Still another important aspect of this invention involves a novel and improved system for moving the valve seat so that the actual gravel packing operation can commence. Here again, two modes of operation are provided in which the valve seat can be hydraulically moved. In one mode of operation, a relatively high pressure is applied to the tubing, creating a substantial differential pressure between the annulus and the tubing which is sufficient to shear the shear screws associated with the valve seat. With the second mode of operation, the annulus pressure is increased above the tubing pressure to shear the screws. In this instance, a relatively low differential pressure is operable to perform the shearing operation.
In accordance with still another aspect of this invention, a novel and improved structure is provided to ensure that the annulus pressure exists below the primary valve seat during the hydraulic release of the coupling between the service tool and the packer to ensure that premature release of the valve seat does not occur.
These and other aspects of this invention are illustrated in the accompanying drawings and more fully described in the following specification.
FIG. 1 schematically illustrates a packer and service tool combination incorporating the present invention and which is assembled and lowered into a well for a gravel packing operation;
FIG. 2 is a longitudinal section of the packer and service tool;
FIGS. 3a through 3d are fragmentary, longitudinal sections of the portions of the service tool/packer combination designated in brackets in FIG. 2, and includes the portions of the tool which lock the tool in position within the well, form a seal with the well casing, and disconnect the mechanical connection between the service tool and the packer;
FIGS. 4a and 4b are additional enlarged, fragmentary sections, illustrating the portion of the tool combination indicated in brackets in FIG. 2;
FIG. 5a is a greatly enlarged, fragmentary, longitudinal section of the structure adjacent to the slips;
FIG. 5b is a cross section taken along line 5b--5b of FIG. 3d;
FIG. 5c is a fragmentary, longitudinal section taken along line 5c--5c of FIG. 5b;
FIG. 6a is an enlarged, fragmentary section of the ratchet mechanism for maintaining the slips extended and the seal compressed;
FIG. 6b is a cross section taken along line 6b--6b of FIG. 3c;
FIG. 6c is a fragmentary section taken along line 6c--6c of FIG. 6b, with parts removed for purposes of illustration;
FIG. 7 is an enlarged, fragmentary, longitudinal section illustrating the structural detail of the mechanical connection between the service tool and the packer, along with the fluid pressure-responsive mechanism for releasing such connection; and
FIG. 8 is a fragmentary roll-out view of the cutter sleeve operable to shear the shear screws which lock the primary valve seat in position.
FIG. 1 schematically illustrates a packer 10 and service tool 13 combination positioned in a well having a casing 19 which has been perforated at 19a adjacent to the formation from which production is to be obtained. When the production formation is above the lower end of the well, a sump packer 19b is set within the casing below the perforations 19a to seal off the rat hole 19c. An extension 19d extends from the lower end of the packer to the screen 19e, through which the oil or gas enters after the packing is completed. During the gravel packing operation, gravel is positioned around the screen 19e to prevent sand and the like from eroding the screen and to filter sand out of the produced fluids.

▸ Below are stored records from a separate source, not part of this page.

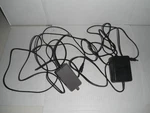 Oem Nintendo NES-002 Ac & NES-003 Rf Adapter Working. Fixed Price $27.00.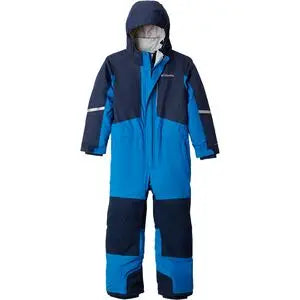 MBright Indigo/Collegiate Navy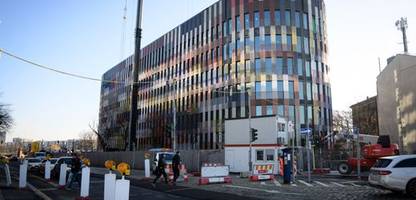 frank-walter steinmeier: witterungsbedingte bauprobleme verzögern umzug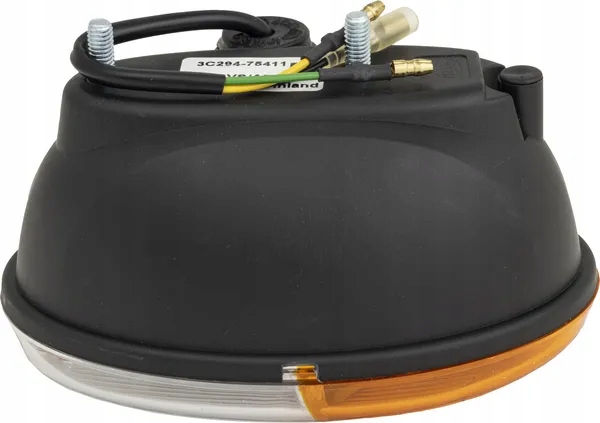 Lampa kierunkowskazu/pozycyjna 3C29475410 Producent części Kubota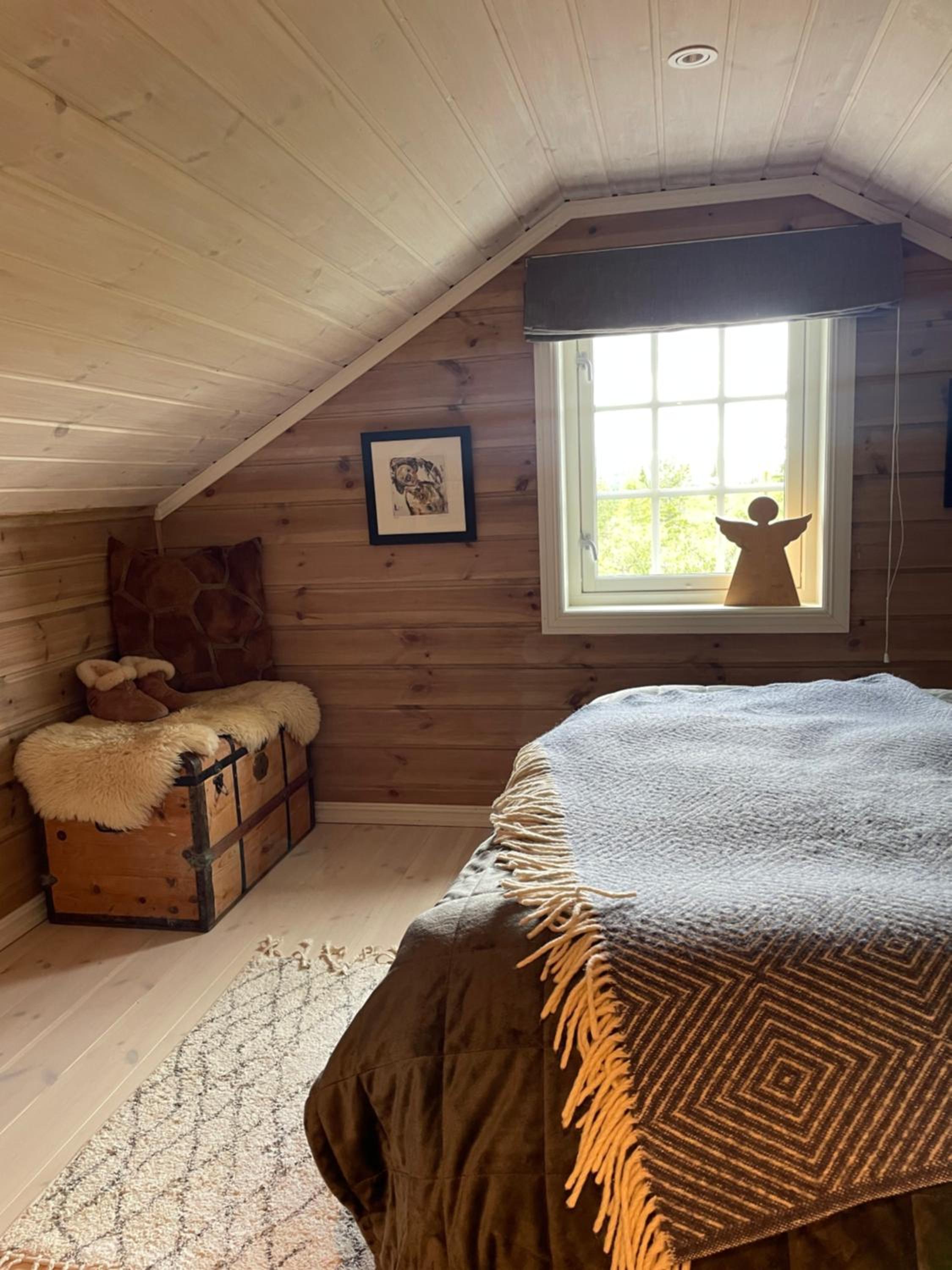 Four-Bedroom Holiday Home photo 3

FIG. 2 illustrates the overall gravel packer/service tool combination. The packer 10 is a tubular assembly which extends from an upper end at 11 to a lower end at 12. It includes a number of functioning subassemblies which will be hereinafter designated with a number designation to indicate an overall subassembly, with the individual parts of the subassembly indicated by such reference numeral followed by a letter.

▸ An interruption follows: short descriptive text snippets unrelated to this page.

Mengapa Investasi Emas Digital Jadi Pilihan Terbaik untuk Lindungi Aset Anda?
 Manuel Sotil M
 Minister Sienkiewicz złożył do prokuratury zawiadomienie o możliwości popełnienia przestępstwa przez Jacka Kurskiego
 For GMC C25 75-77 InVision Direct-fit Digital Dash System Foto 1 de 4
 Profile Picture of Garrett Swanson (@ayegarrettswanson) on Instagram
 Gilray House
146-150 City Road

The service tool 13 is also tubular and telescopes with the packer. The upper end of the service tool 14 is threaded to connect with the work string 15 used to lower the packer/service tool combination into the well to position it for the packing operation. The service tool extends the entire length of the packer to its lower end at 16. Here again, the service tool includes a number of distinct subassemblies, which are also referred to hereinafter by individual reference numerals, with the component parts of the subassembly indicated by such reference numeral followed by a letter designation.

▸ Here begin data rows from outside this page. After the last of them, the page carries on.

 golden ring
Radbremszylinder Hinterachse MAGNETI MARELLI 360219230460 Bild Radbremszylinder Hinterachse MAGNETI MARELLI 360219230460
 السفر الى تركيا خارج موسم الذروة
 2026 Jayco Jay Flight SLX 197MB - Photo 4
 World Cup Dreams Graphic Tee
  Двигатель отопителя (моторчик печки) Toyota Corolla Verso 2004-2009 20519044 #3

FIGS. 3a through 3d are enlarged, fragmentary, longitudinal sections. The locations of each of the portions of the combination are designated in FIG. 2 with brackets. FIGS. 4a and 4b are also enlarged, fragmentary, longitudinal sections illustrating the portions of the combination, also indicated in FIG. 2 by brackets.
Before the service tool/packer is lowered into the well, the service tool is positioned within the packer and is mechanically connected by a threaded connection at 17, illustrated in FIG. 3b, so that the service tool and packer are mechanically locked together.
The various sequential steps of operation of the service tool and packer are performed by fluid pressure-operated subassemblies. These various subassemblies are responsive to differential pressures between the annulus 18 within the well casing 19 and the exterior of the service tool 13 and packer 10 combination (hereinafter referred to as "annulus pressure") and the pressure within the central passage 21 of the tool. Such passage is in communication through the service tool string with the well head and the pressure therein is hereinafter referred to as "tubing pressure." It should be recognized that the absolute pressure in the annulus in the vicinity of the tool is, to a large extent, dependent upon the depth of the tool within the well. Similarly, the absolute pressure within the passage 21 is a function of the depth of the tool assembly from the well head. The operational functions or steps of operation of the tool combination are determined by the differential pressure between the tubing pressure and the annulus pressure, as discussed in detail below, not upon the absolute pressure. Therefore, in the following specification, references to operating pressures and the like are to differential pressure, not static or absolute pressure.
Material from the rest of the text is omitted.